The Difference Between Soft And Hard Infrastructure, And Why It Matters
Yesterday, along with a group of business folks from across New Hampshire, I learned about the difference between “soft” and “hard” infrastructure. “Hard” is the obvious: roads, bridges etc. “Soft” infrastructure is human capital and institutions that cultivate it, such as community colleges and universities. Apparently, the state has deficits in both areas.
Let’s focus on the hard for a moment. For one thing, we don’t have much of a tax base to cover roads, bridges and other types of hard infrastructure. That New Hampshire reality is what the new head of the Department of Transportation, Chris Clement, is facing. He says there will be no more expansion of I-93 without federal matching funds. And Republicans in Congress are threatening to cut those dollars to the state’s DOT by as much as 35 percent.
“I-93 is a road paved with gold,” says Clement. “If they cut those funds, there will be no more projects on I-93.”
Clement has been on the job a little over a month. “I did not have any competition for this job,” he noted.
One can understand why.
DOT’s budget was cut by 13 percent this year and Clement had to lay off 9 percent of his workforce.
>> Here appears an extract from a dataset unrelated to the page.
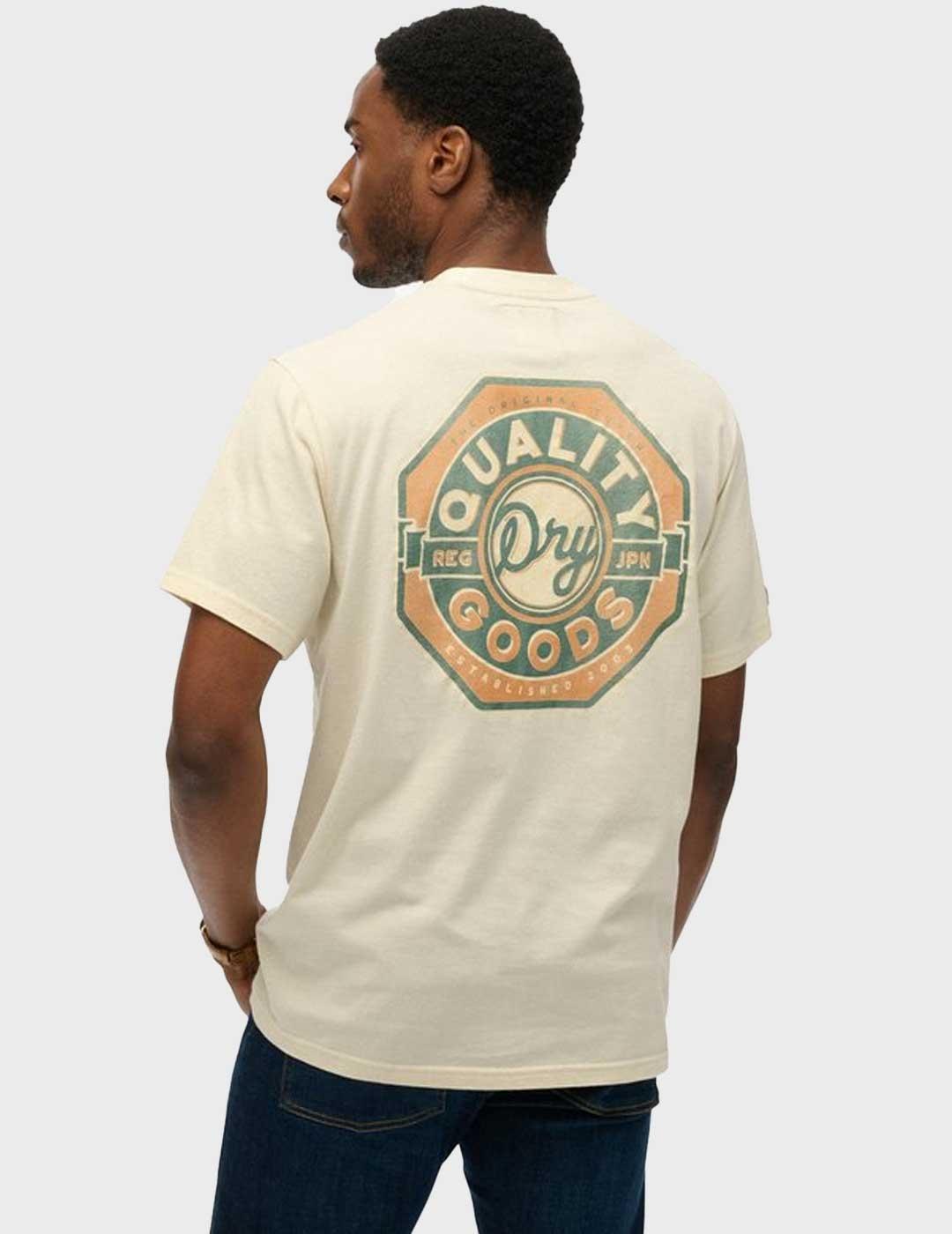 Superdry Tap Room camiseta blanca para hombre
What this has meant is that the new commissioner will spend what money he does have very carefully. Gasoline taxes are the state’s primary revenue source for DOT and they have not been raised since 1992.
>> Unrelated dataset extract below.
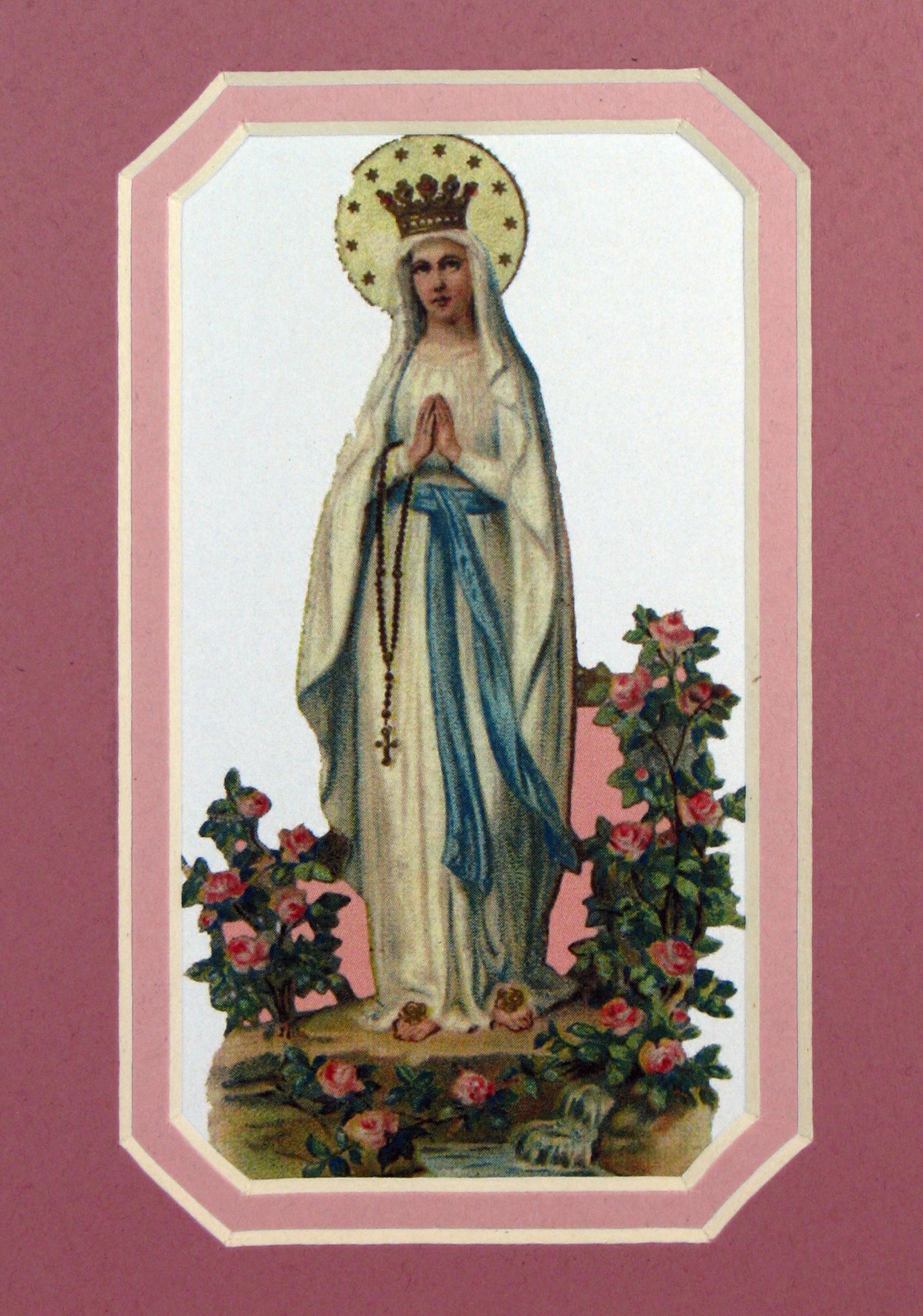 Our Lady of Lourdes 3x5 Prayerful Mat #35MAT-OLLB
“If we raised the gas tax by 5 cents, we could take the I-93 expansion off the books, ” says Clement. In other words, 5 cents more per gallon would cover the $350 million needed to finish the ambitious project, which aims to make it easier for visitors and potential residents to come in and out of New Hampshire and possibly revitalize the ailing North Country.
Without a rail system and little visible support for one, there’s more pressure to expand the state’s highways.
Clement wanted the business folks to know he is not an advocate for raising taxes and that his agency is “revenue agnostic,” but the money has to come from somewhere.
Due to major budget cuts, it is also unlikely that the state’s 148 red-listed bridges will get the attention they need. This week ends the series of 27 town meetings where residents ask for their piece of the state’s 10-year infrastructure plan pie — a pie that not long ago was a $4.2 billion pie and now has shrunk in size to just over $1 billion.